Why in C++ are some characters in a multibyte UTF-8 string represented by negative numbers?

236 Views Asked by At

The following C++ source code I compile and run in 'Windows 10' and 'Ubuntu' (via 'WSL 2'):

#include <cstring>
#include <iostream>

int main()
{
    char str[] = "Hello, привет, !";

    std::cout << str << "\n\n";

    for (int i = 0; i < std::strlen(str); i++) {
        std::cout << (int) str[i] << ' ';
    } std::cout << "\n\n";

    for (int i = 0; i < std::strlen(str); i++) {
        std::cout << std::hex << (int) str[i] << ' ';
    } std::cout << "\n\n";

    for (int i = 0; i < std::strlen(str); i++) {
        std::cout << std::hex << (str[i] & 0xff) << ' ';
    } std::cout << '\n';

    return 0;
}

I save this source code in a file chars.cpp in UTF-8 encoding without BOM. In Windows 10, I use the MSVC compiler (cl.exe) from 'Microsoft C++ Build Tools' from the command line cl /EHsc /utf-8 "chars.cpp". In 'Ubuntu' (via 'WSL 2') I am using the g++ compiler from the "GCC" set from the command line g++ /mnt/c/Users/Илья/source/repos/test/chars.cpp -o chars.

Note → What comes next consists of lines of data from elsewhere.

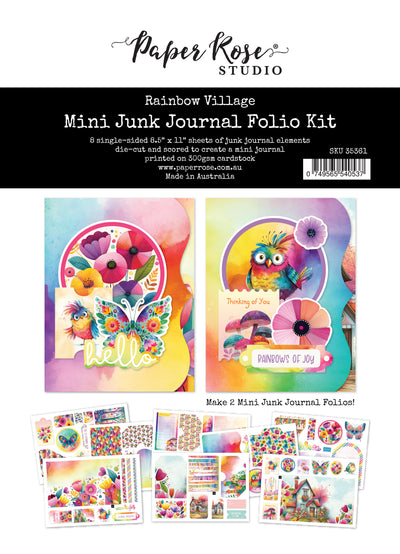 Rainbow Village 8.5" x 11" Mini Junk Journal Folio Kit 35361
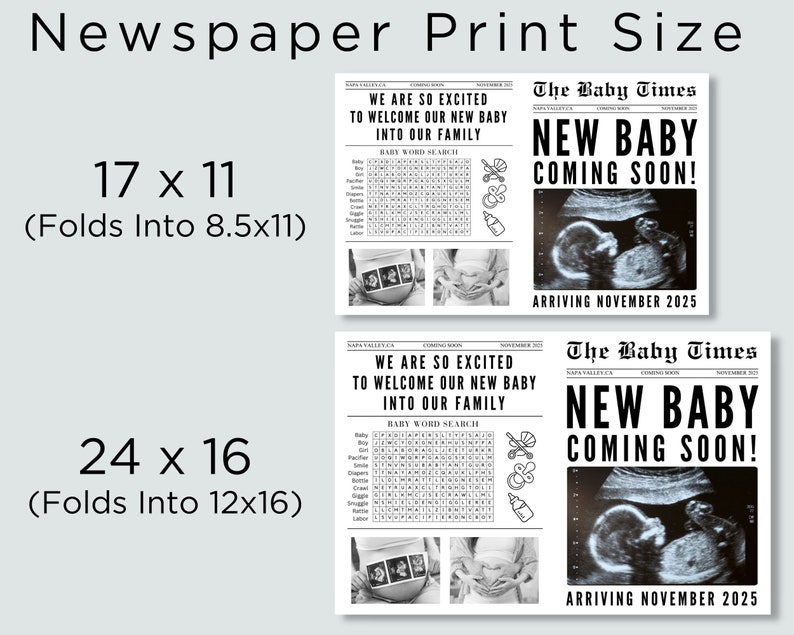 New Baby Announcement Newspaper, Baby On the Way Pregnancy Reveal Custom Newspaper Template for Baby Shower, Large newspaper baby, Canva zdjęcie 4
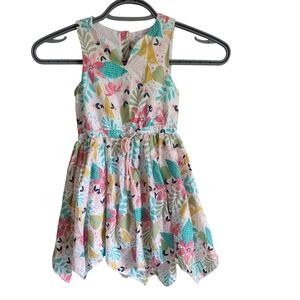 Tommy Bahama Tropical‎ Floral Handkerchief Hem Dress Lined Size 2T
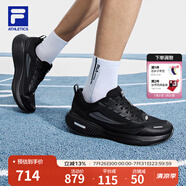 FILA 斐樂官方男鞋NUVOLE 3 RUN路跑鞋男2025夏新款柔云3運動跑步鞋男 黑-BK 43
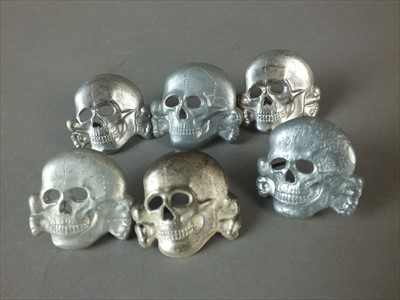 Lot 336 - Reproduction German SS visor cap skulls and eagles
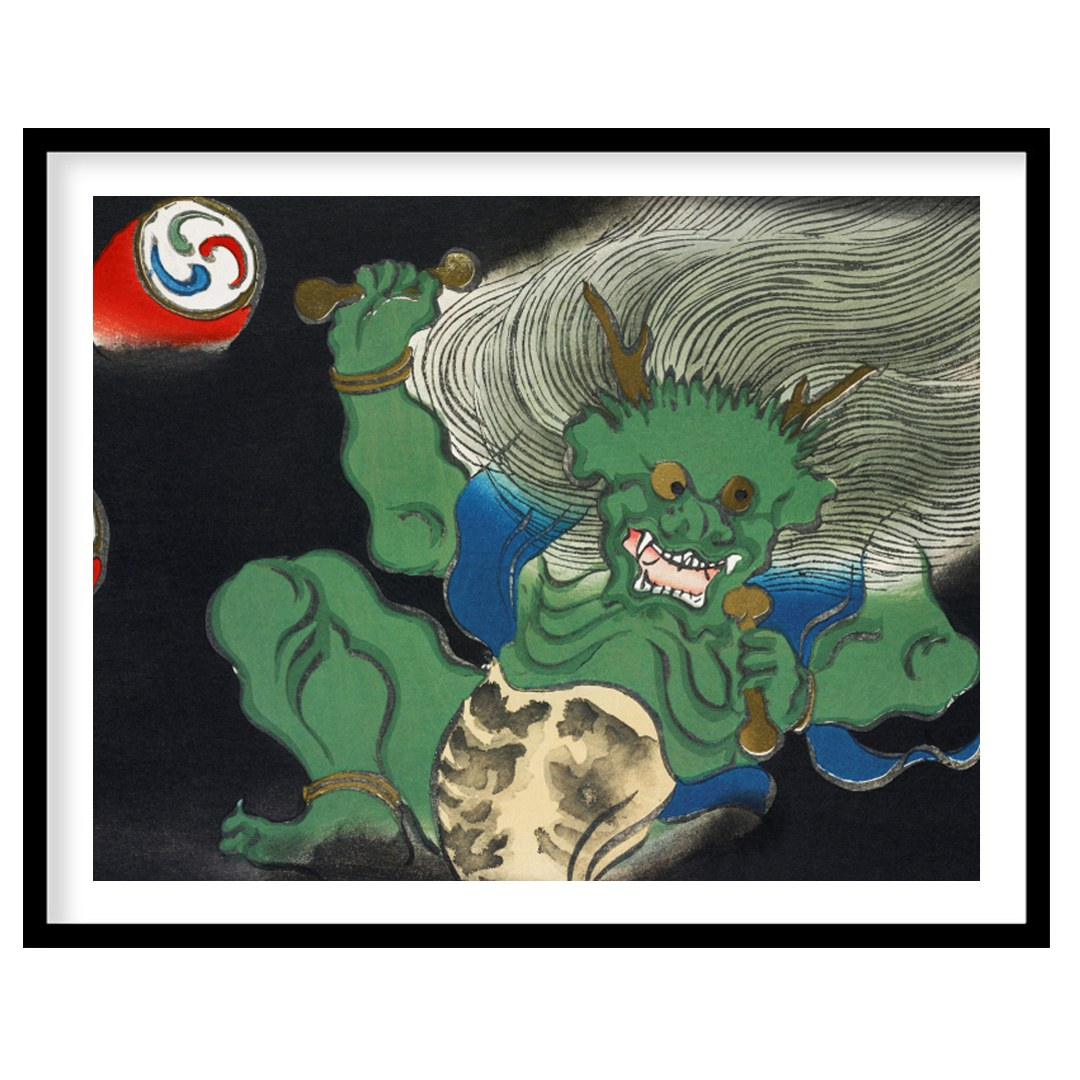 This striking artwork captures a dynamic mythical creature in motion, blending traditional style for gallery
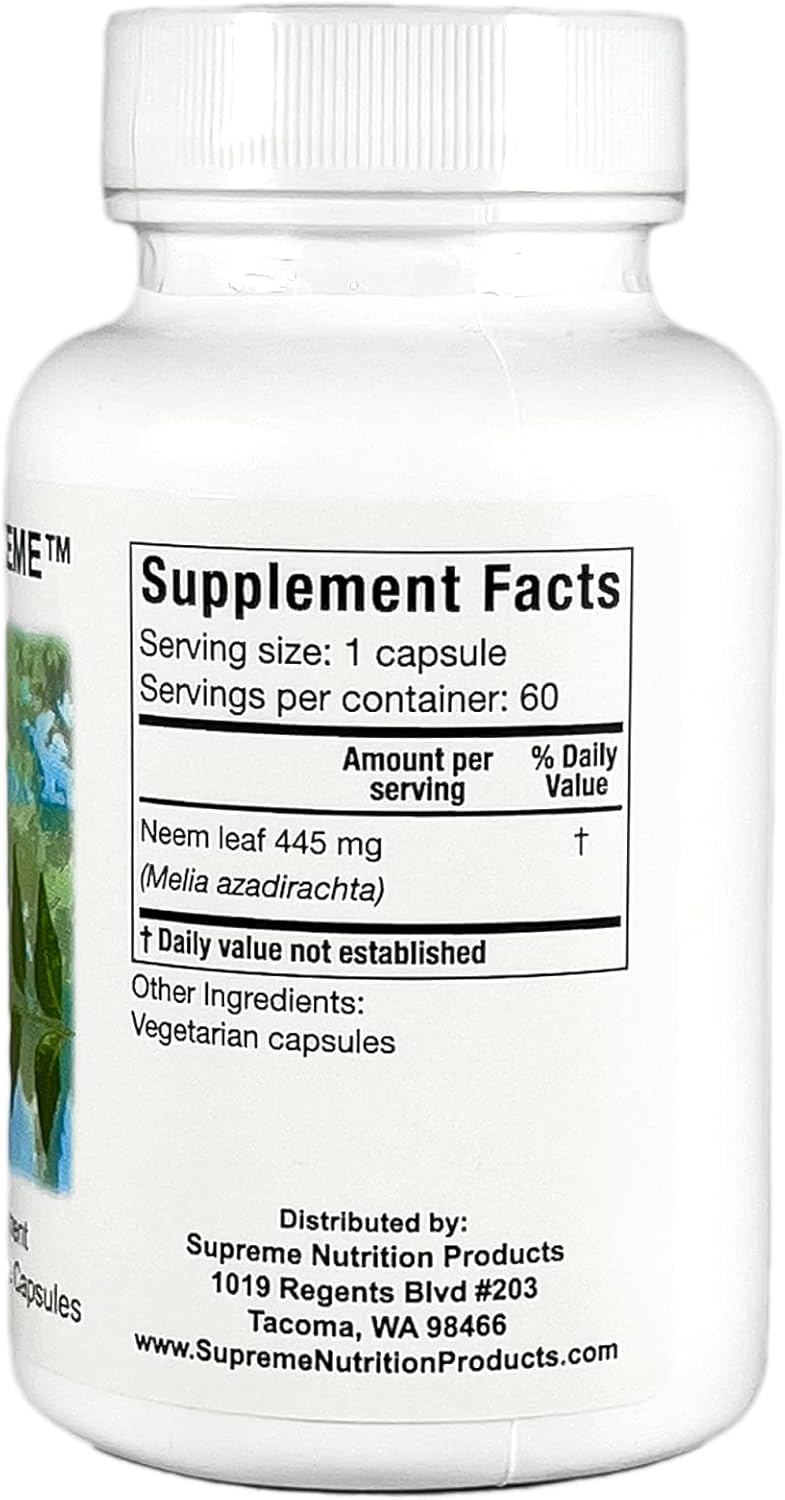 Supreme Nutrition Melia Supreme Neem Leaf Powdered Capsules - 120 Vegetarian Capsules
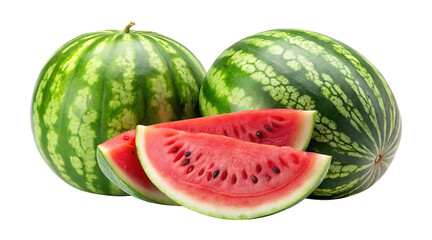 Watermelon and slices stacked on each other in perfect harmony on Transparent background PNG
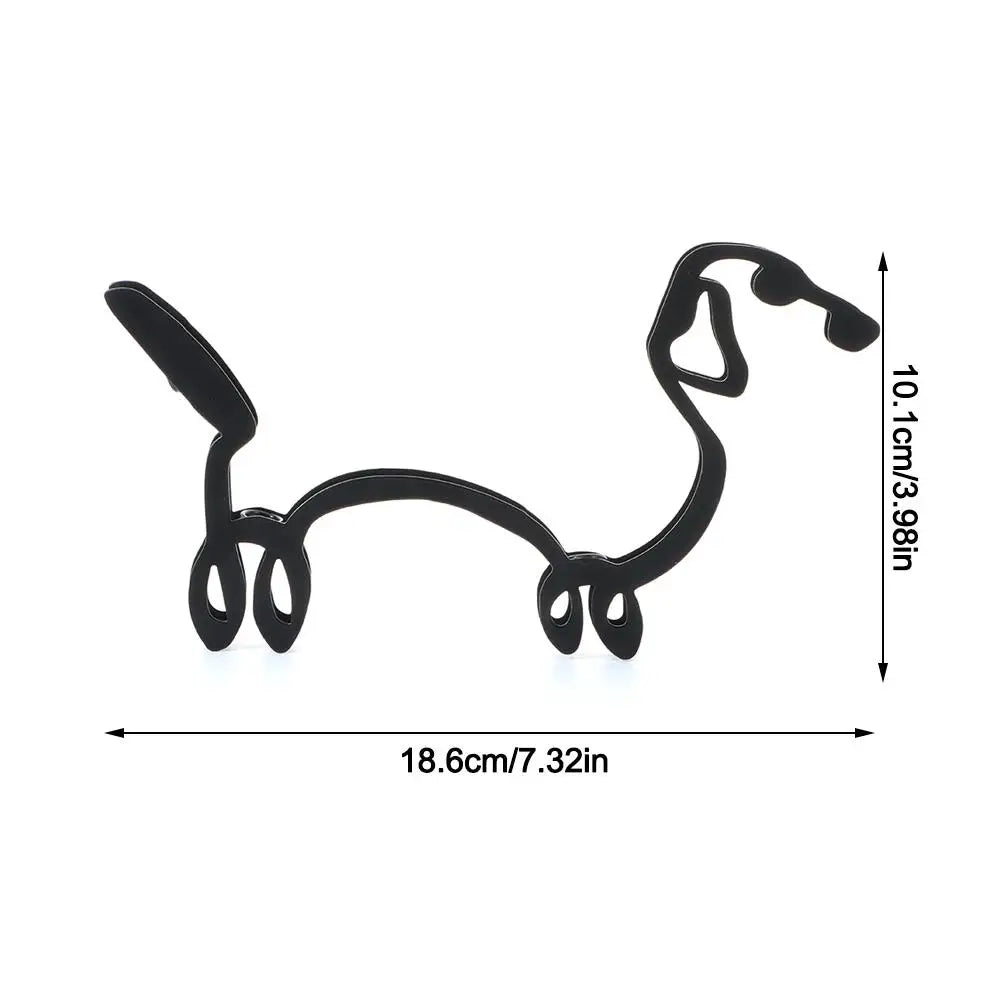 Wrought Iron Handicraft Bulldog Dachshund Labrador Abstract Dog Ornament Modern Animal Sculpture Simple Statue Art Figurine Lootquake LLC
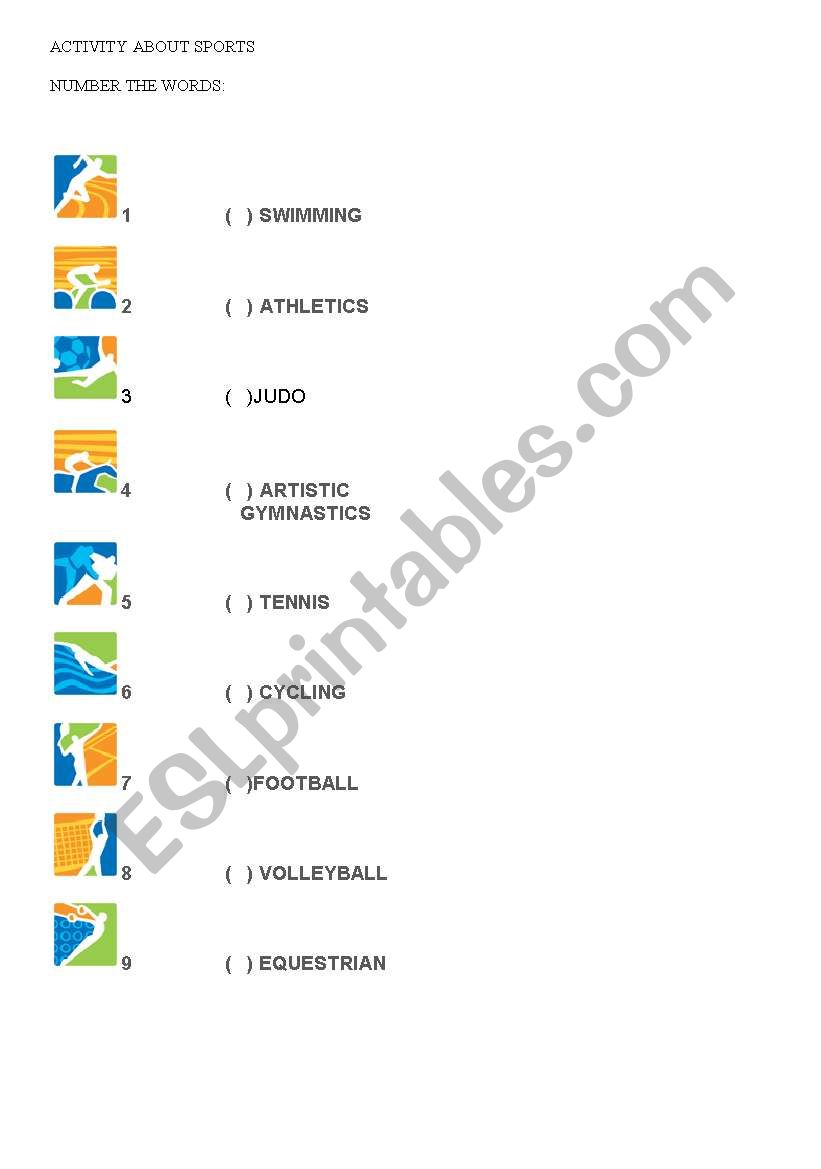 Sports worksheet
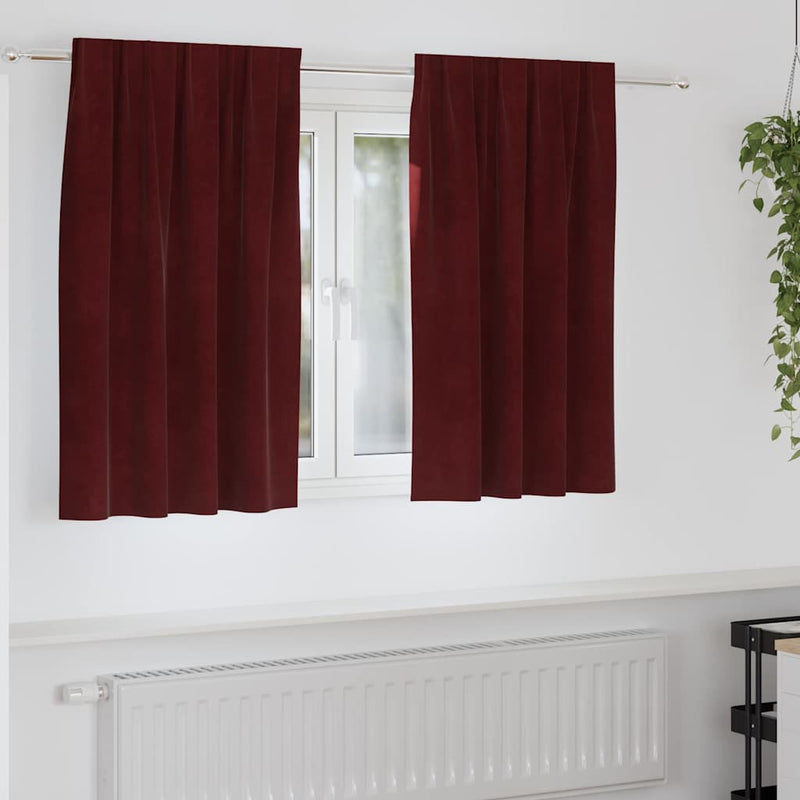 Gordijnen Met Gordijnen 2 Pcs Fluweel Wijnrood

I got the following result (in 'Windows 10', you need to configure the code page in the console cmd.exe using the chcp 65001 command, in 'Ubuntu' (via 'WSL 2') this is not necessary):

Hello, привет, !

72 101 108 108 111 44 32 -48 -65 -47 -128 -48 -72 -48 -78 -48 -75 -47 -126 44 32 -16 -97 -104 -114 33

48 65 6c 6c 6f 2c 20 ffffffd0 ffffffbf ffffffd1 ffffff80 ffffffd0 ffffffb8 ffffffd0 ffffffb2 ffffffd0 ffffffb5 ffffffd1 ffffff82 2c 20 fffffff0 ffffff9f ffffff98 ffffff8e 21

48 65 6c 6c 6f 2c 20 d0 bf d1 80 d0 b8 d0 b2 d0 b5 d1 82 2c 20 f0 9f 98 8e 21

I'm curious why negative numbers are used to represent some characters. I tried to find an explanation in the cppreference.com and read two articles there:

https://en.cppreference.com/w/cpp/language/types, quote:

char - type for character representation which can be most efficiently processed on the target system (has the same representation and alignment as either signed char or unsigned char, but is always a distinct type). Multibyte characters strings use this type to represent code units. For every value of type unsigned char in range [0, 255], converting the value to char and then back to unsigned char produces the original value. (since C++11) The signedness of char depends on the compiler and the target platform: the defaults for ARM and PowerPC are typically unsigned, the defaults for x86 and x64 are typically signed.

and

https://en.cppreference.com/w/cpp/string/multibyte

But I didn't find a direct explanation there.

My questions. For what purpose are some characters represented by negative numbers? Is it in the standard or is it system-specific?

1

There are 1 best solutions below

2
Ilya Chalov On

Thanks to the people for the comments, I think I understood what was going on here. Please correct me if I'm wrong.

As far as I understand, the C++ language standard allows the compiler to interpret char as either signed char or unsigned char.

The MSVC and g++ compilers interpret char as signed char by default. Thus, the char type in my program can represent values in the range -128..127. Consider the example of the Cyrillic small letter 'п': in the Unicode table it is U+043F; in UTF-8 encoding, this is 2 bytes d0 bf (hex) or 208 191 (dec).

Since the numbers 208 191 do not fit into the range -128..127, they are converted to -48 -65 (208 - 256, 191 - 256). This is how all characters are processed. It turns out that if the character code falls into the range 0..127, then it does not change (ASCII table).

This behavior of the MSVC and g++ compilers can be changed using special switches (options). There is a /J option for the MSVC compiler:

cl /EHsc /utf-8 /J "chars.cpp"

And for the g++ compiler there is an option -funsigned-char:

g++ /mnt/c/Users/Илья/source/repos/test/chars.cpp -o chars -funsigned-char

As a result, the same source code after compiling and running with new options will give a different result:

Hello, привет, !

72 101 108 108 111 44 32 208 191 209 128 208 184 208 178 208 181 209 130 44 32 240 159 152 142 33

48 65 6c 6c 6f 2c 20 d0 bf d1 80 d0 b8 d0 b2 d0 b5 d1 82 2c 20 f0 9f 98 8e 21

48 65 6c 6c 6f 2c 20 d0 bf d1 80 d0 b8 d0 b2 d0 b5 d1 82 2c 20 f0 9f 98 8e 21

With the new options, compilers interpret char as unsigned char (range 0..255), so there are no negative numbers in the string representation.